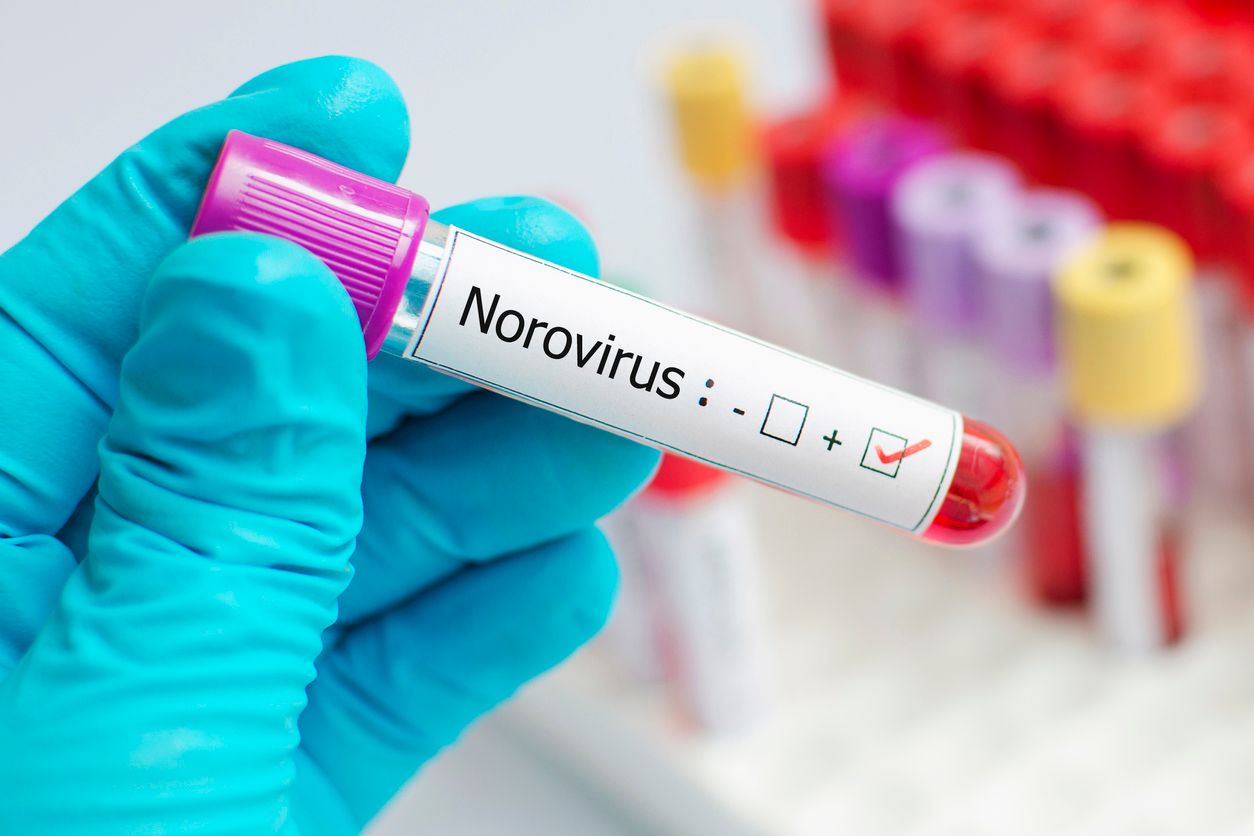 Insgesamt 144 Lokalgäste klagen über Symptome, die auf das Norovirus hindeuten.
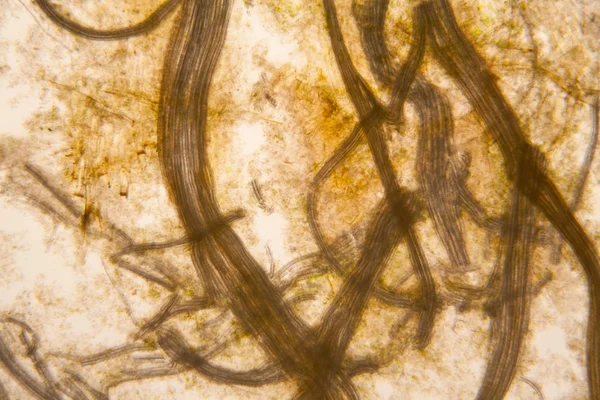 Microscopische Weergave Details Van Rotte Tulip Stengel — Stockfoto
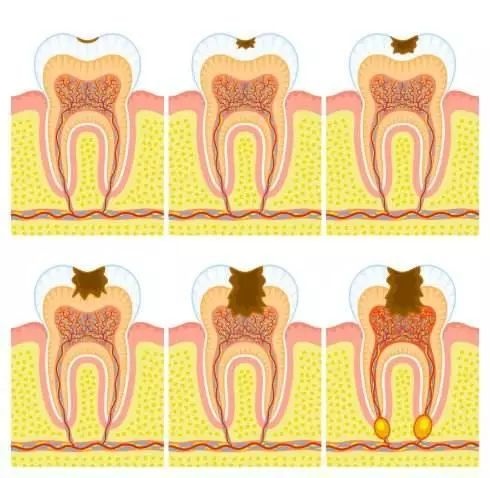 牙齿疼能做根管治疗吗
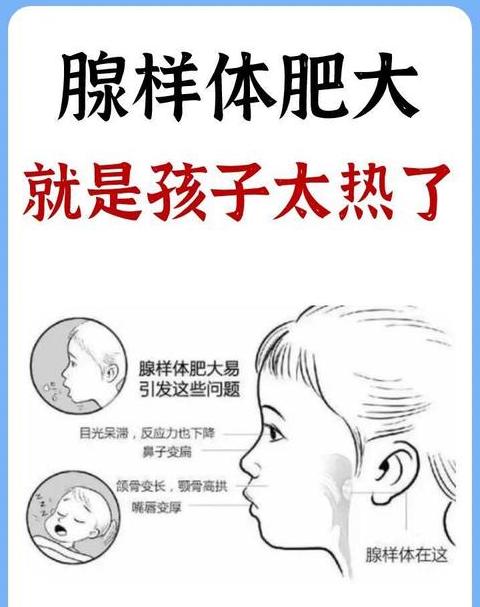 儿童腺样体肥大治疗指南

_ _ _ _ _ _ _

#### Your assignment
Drop every picture from the data, then output all the rest exactly.

#### Result for this exercise
 Insgesamt 144 Lokalgäste klagen über Symptome, die auf das Norovirus hindeuten.
 Microscopische Weergave Details Van Rotte Tulip Stengel — Stockfoto
 牙齿疼能做根管治疗吗
 儿童腺样体肥大治疗指南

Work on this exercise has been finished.